◆ TASK INSTRUCTIONS ◆
Among the entries, find each line that includes the string "light" and list it.

[EXTRACTED RECORDS — start]

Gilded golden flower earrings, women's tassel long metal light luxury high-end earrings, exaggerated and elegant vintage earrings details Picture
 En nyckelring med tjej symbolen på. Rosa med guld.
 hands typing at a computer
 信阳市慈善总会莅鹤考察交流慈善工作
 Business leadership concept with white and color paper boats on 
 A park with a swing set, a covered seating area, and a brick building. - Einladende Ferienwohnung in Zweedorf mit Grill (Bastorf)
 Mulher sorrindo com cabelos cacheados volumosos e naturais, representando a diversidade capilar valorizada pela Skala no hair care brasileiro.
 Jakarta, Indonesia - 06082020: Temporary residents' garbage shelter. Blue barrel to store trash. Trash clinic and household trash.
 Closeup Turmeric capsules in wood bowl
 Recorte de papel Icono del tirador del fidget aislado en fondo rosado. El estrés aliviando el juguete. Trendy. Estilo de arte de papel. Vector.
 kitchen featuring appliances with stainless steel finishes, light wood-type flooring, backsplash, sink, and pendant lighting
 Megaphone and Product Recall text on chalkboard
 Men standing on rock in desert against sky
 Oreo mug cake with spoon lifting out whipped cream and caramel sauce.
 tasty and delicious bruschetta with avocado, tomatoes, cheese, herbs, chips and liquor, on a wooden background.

[EXTRACTED RECORDS — finish]

◆ ANSWER TO THIS EXERCISE ◆
Gilded golden flower earrings, women's tassel long metal light luxury high-end earrings, exaggerated and elegant vintage earrings details Picture
 kitchen featuring appliances with stainless steel finishes, light wood-type flooring, backsplash, sink, and pendant lighting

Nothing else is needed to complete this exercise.